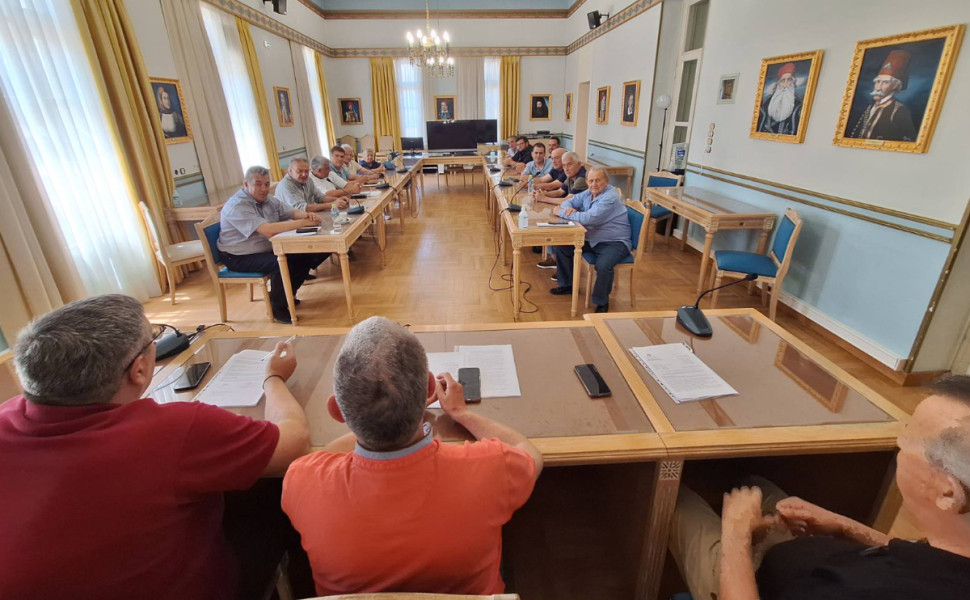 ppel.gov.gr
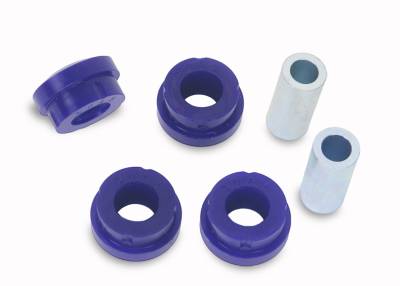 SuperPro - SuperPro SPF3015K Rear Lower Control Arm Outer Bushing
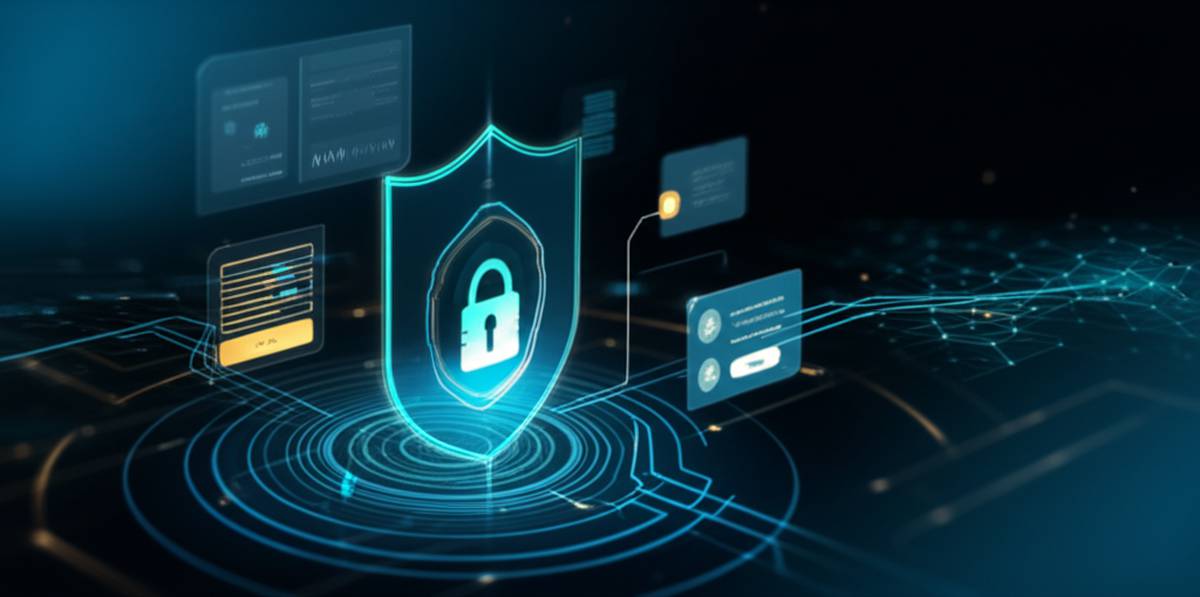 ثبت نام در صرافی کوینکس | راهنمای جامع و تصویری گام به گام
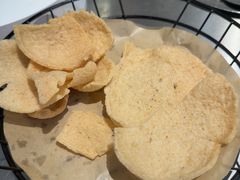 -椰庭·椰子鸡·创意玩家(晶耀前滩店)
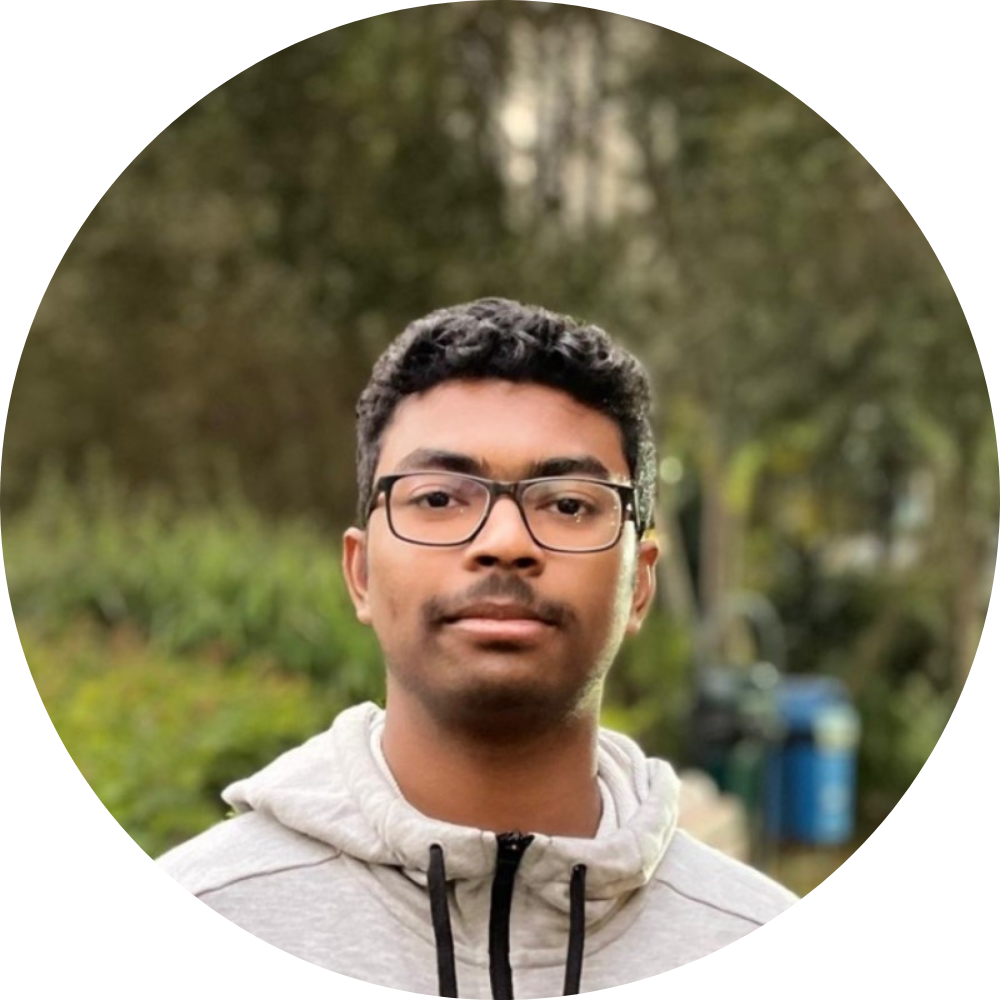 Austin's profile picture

□ □ □ □ □

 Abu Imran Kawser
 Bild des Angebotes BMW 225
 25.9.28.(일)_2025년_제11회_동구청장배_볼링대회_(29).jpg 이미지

□ □ □ □ □

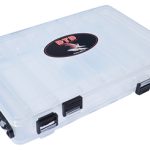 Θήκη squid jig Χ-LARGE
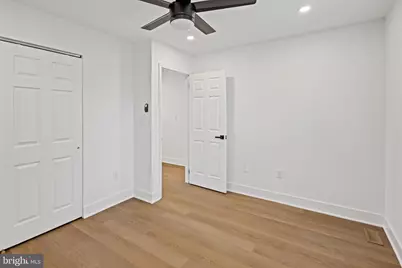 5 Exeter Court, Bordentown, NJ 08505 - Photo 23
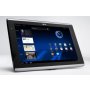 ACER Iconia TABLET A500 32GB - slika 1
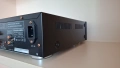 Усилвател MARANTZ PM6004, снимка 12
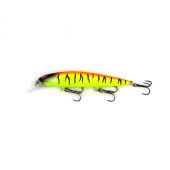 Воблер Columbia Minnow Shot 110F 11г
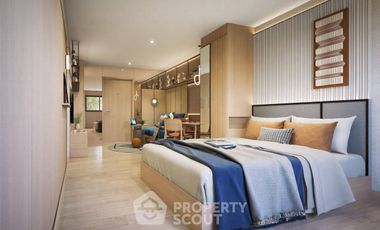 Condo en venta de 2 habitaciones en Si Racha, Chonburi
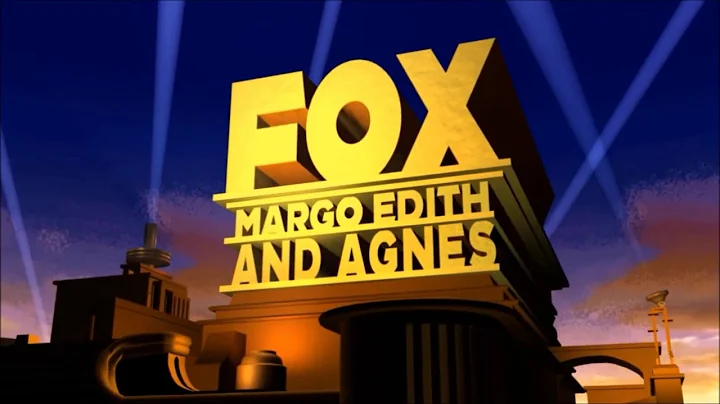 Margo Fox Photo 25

□ □ □ □ □

Exact copy, pictures excluded: from the line with "Воблер Columbia Minnow Shot 110F 11г" up to and including the line with "Margo Fox Photo 25" in the data above.

Exercise response:
 Воблер Columbia Minnow Shot 110F 11г
 Condo en venta de 2 habitaciones en Si Racha, Chonburi
 Margo Fox Photo 25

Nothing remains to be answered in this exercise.